I close my eyes now against the onslaught of memories, which threatens to overwhelm me completely. My outstretched arms curl inwards reflexively, crossing protectively around my torso, holding together the pieces of what's left of me. Cracked, jagged pieces which snag and tear at tender flesh each and every time I allow a memory through the closely weaved net I've erected around my mind. But the net is breached, ripped and torn apart and the images hit me relentlessly, one after another, crashing over me like a tidal wave, dragging me deeper and deeper into the darkness until I can hardly breathe from the pain.

"You said it would be as though you never existed," I accuse to the valley below, my shout echoing off the bare rocks, repeating over and over until the trees in the distance absorb the sound.

"You lied to me, Edward. YOU LIED TO ME!" I am nearly screaming now, salty tears stinging my cheeks as my anger at his deceit tears me apart at the seams.

Looking down at the chasm beneath me, my eyes blurred from the tears which refuse to stop falling; I can see my salvation. The fall is far, hundreds of feet, with hard, jagged rocks at the bottom.

Nobody could survive that fall.

Nobody except...

No.

I shake my head to stop myself from going there, and raise my eyes to the darkening sky. I don't know what I am looking for. Divine intervention? Lightning bolts from heaven? A message in the clouds? I don't know. Just something. Anything. But all there is, is an infinite, inky blue that stretches from horizon to horizon, interrupted only by a few stars, which twinkle lamely, trying to shine in the twilight sky.

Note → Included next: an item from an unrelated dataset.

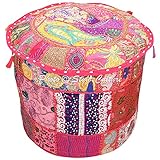 Stylo文化ボヘミアンラウンドPouf OttomanカバーIndianパッチワーク刺繍Pouffe Ottomanカバーピンクコットンフローラル従来家具Footstool Seatパフカバー(18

My arms stretch out beside me once more, ready to fly. Freedom beckons below. Freedom from the memories, freedom from pain, freedom from him. Forever.

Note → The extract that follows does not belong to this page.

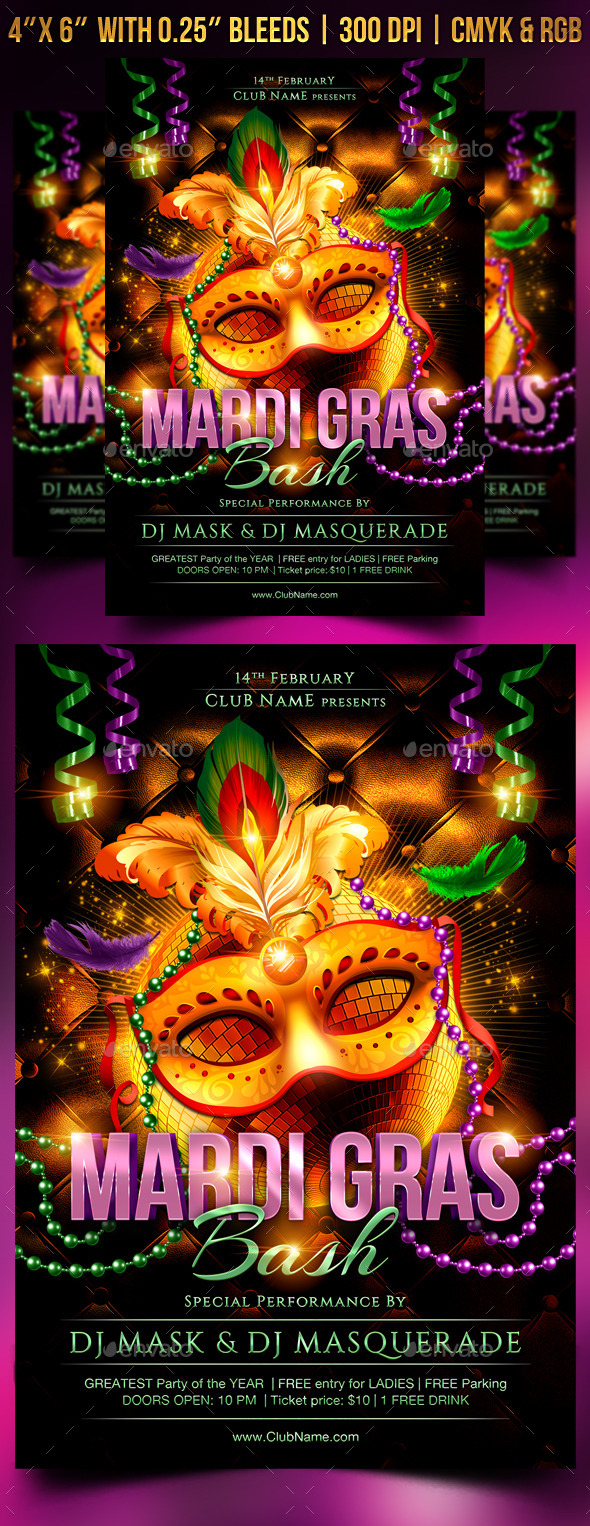 Mardi Gras Bash Flyer Template (Clubs & Parties)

My eyes flutter closed as I allow myself to picture his face one last time. His ghostly pale, flawless skin, his perfect, marble lips and his smoldering, intense butterscotch eyes. As I take a deep breath, preparing to plunge down into the abyss I would swear I hear his voice, calling my name softly.

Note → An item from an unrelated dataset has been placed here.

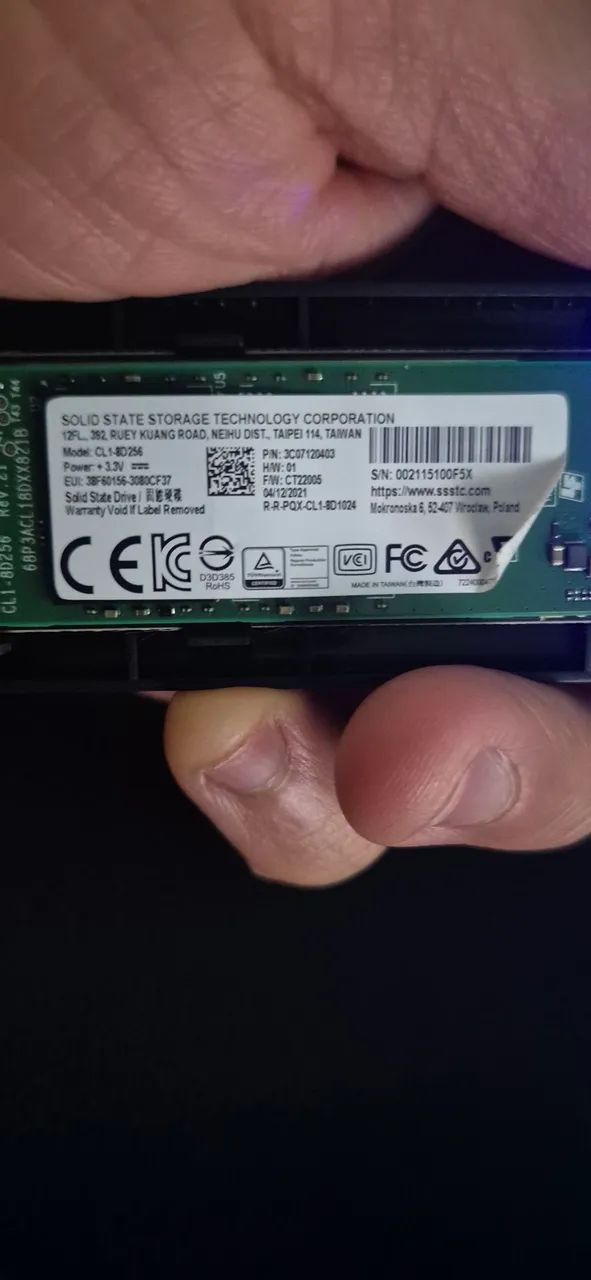 Nvme m.2 256gb ssd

"Bella." His voice is soft velvet as it caresses the syllables of my name. My breath catches in my throat, the accuracy of my hallucination playing with the determination in my mind.

No, Bella. It's just a memory. He's gone. Long, long gone.

"Bella!" More insistent this time the velvet has gone, it has turned frantic.

Frantic isn't right. Frantic isn't how his voice should sound in my head. I want the smooth back.

I lean forward onto the balls of my feet; the anticipation of the fall makes my heart pound furiously in my chest. My arms fly up to the sky, ready to dive, when strong arms close around me, dragging me back from my salvation. The smooth voice cracks as it repeats my name over and over, as cool arms crush me to a familiar chiseled chest and a face burrows into my hair.

"Edward?" I question, my mind unable to reconcile the voice, the chest, the arms, the feel of his touch that I would know anywhere.

The face in my hair inhales deeply, and then exhales in a sigh, gentle fingers caress my cheeks as he pulls back and I stare into eyes that drip with molten honey. Then the velvet returns, all traces of panic lost as he croons my name, each letter that drips from his tongue reminds me of why I fell so hard in the first place.

"I'm so sorry, Bella. Forgive me, please?"

And I do. Because without him there is nothing. Nothing but the darkness and the loneliness. He is air and light, he is smiles and laughter, he is baseball in thunderstorms and piano melodies just for me. He is everything; there is no life, no love without him.

I nod as I burrow my face into his chest once more, my arms drawing a tight circle around his torso as his shirt soaks up the tears, which fall freely down my face. His arms hold me to him tightly and we are as we were destined to be. Two halves of the same whole.